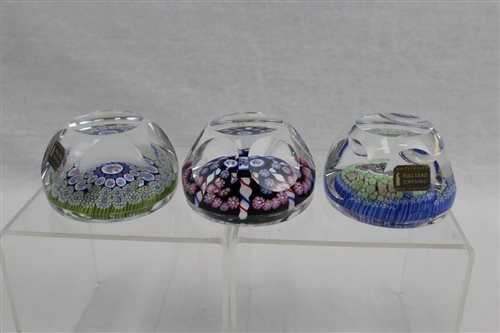 Lot 1169 - Three Whitefriars limited edition glass...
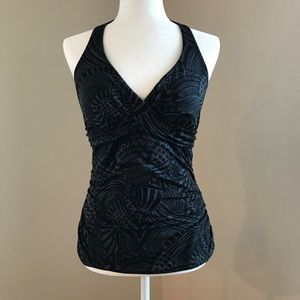 Kona Sol Halter Tankini Top Black Large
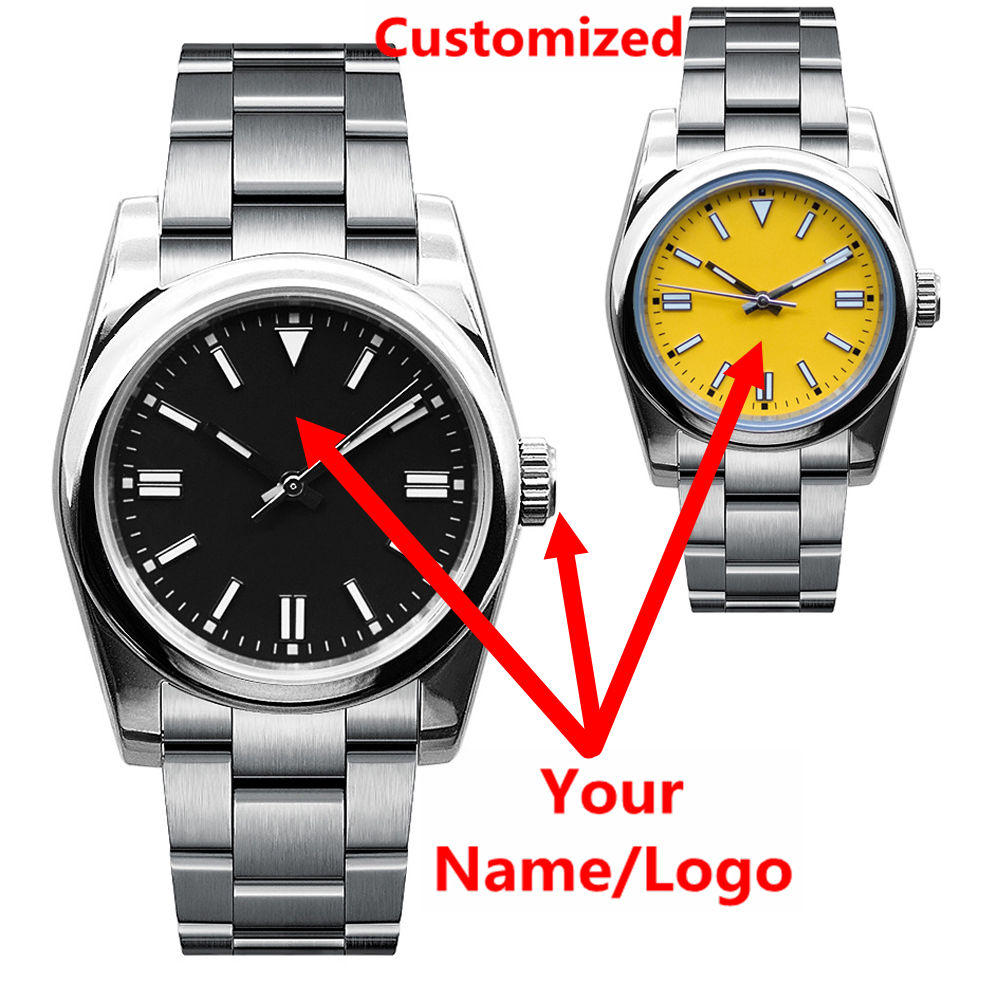 Waterproof Diving Watch - Jam Tangan Pria Logo Kustom Safir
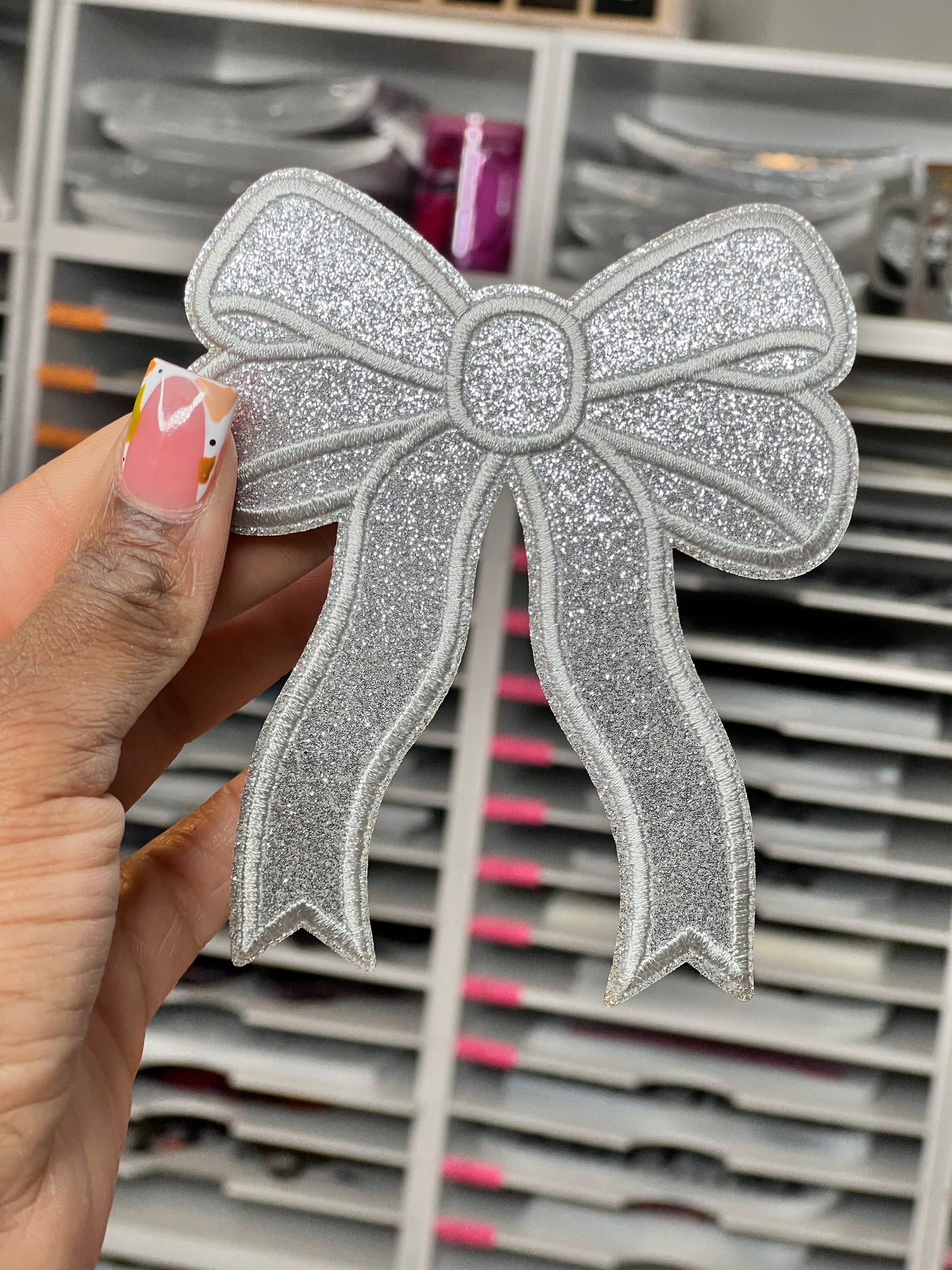 Silver Glitter Patch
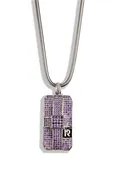 REYHAN HAKKI MEN’S VIPER 925 SILVER AMETHYST CZ TAG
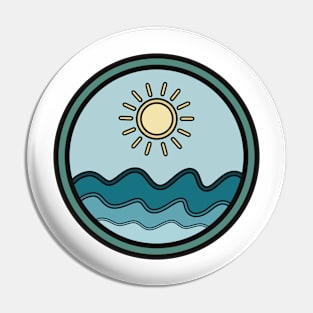 Sun and Sea Pin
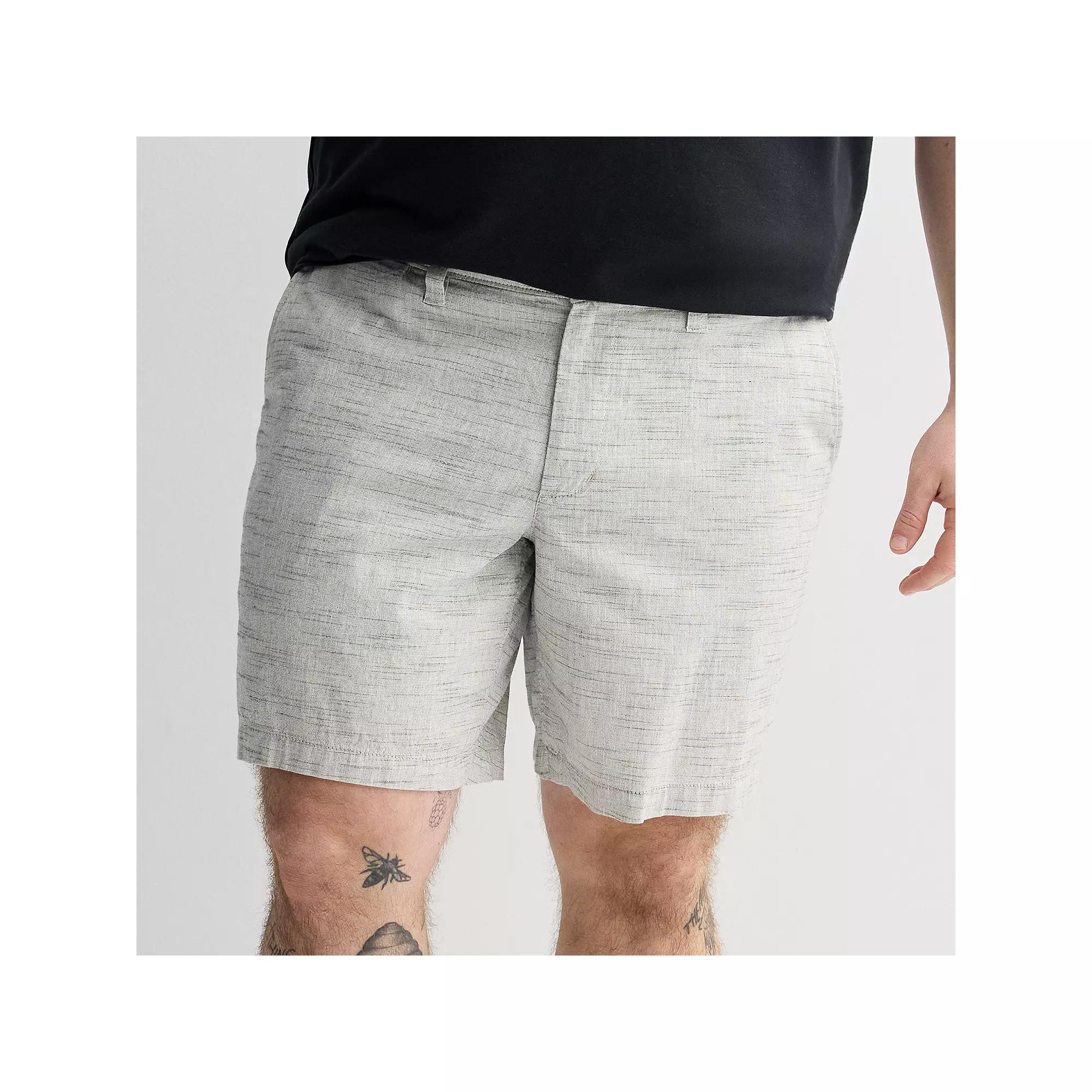 Big & Tall Sonoma Goods For Life® Flexwear Flat Front Shorts, Men's, Size: 54, Grey Texture Product Image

» WHAT YOU HAVE TO DO: I would like the data above transcribed exactly, with its pictures left out.

» COMPLETED EXERCISE:
 Lot 1169 - Three Whitefriars limited edition glass...
 Kona Sol Halter Tankini Top Black Large
 Waterproof Diving Watch - Jam Tangan Pria Logo Kustom Safir
 Silver Glitter Patch
 REYHAN HAKKI MEN’S VIPER 925 SILVER AMETHYST CZ TAG
 Sun and Sea Pin
 Big & Tall Sonoma Goods For Life® Flexwear Flat Front Shorts, Men's, Size: 54, Grey Texture Product Image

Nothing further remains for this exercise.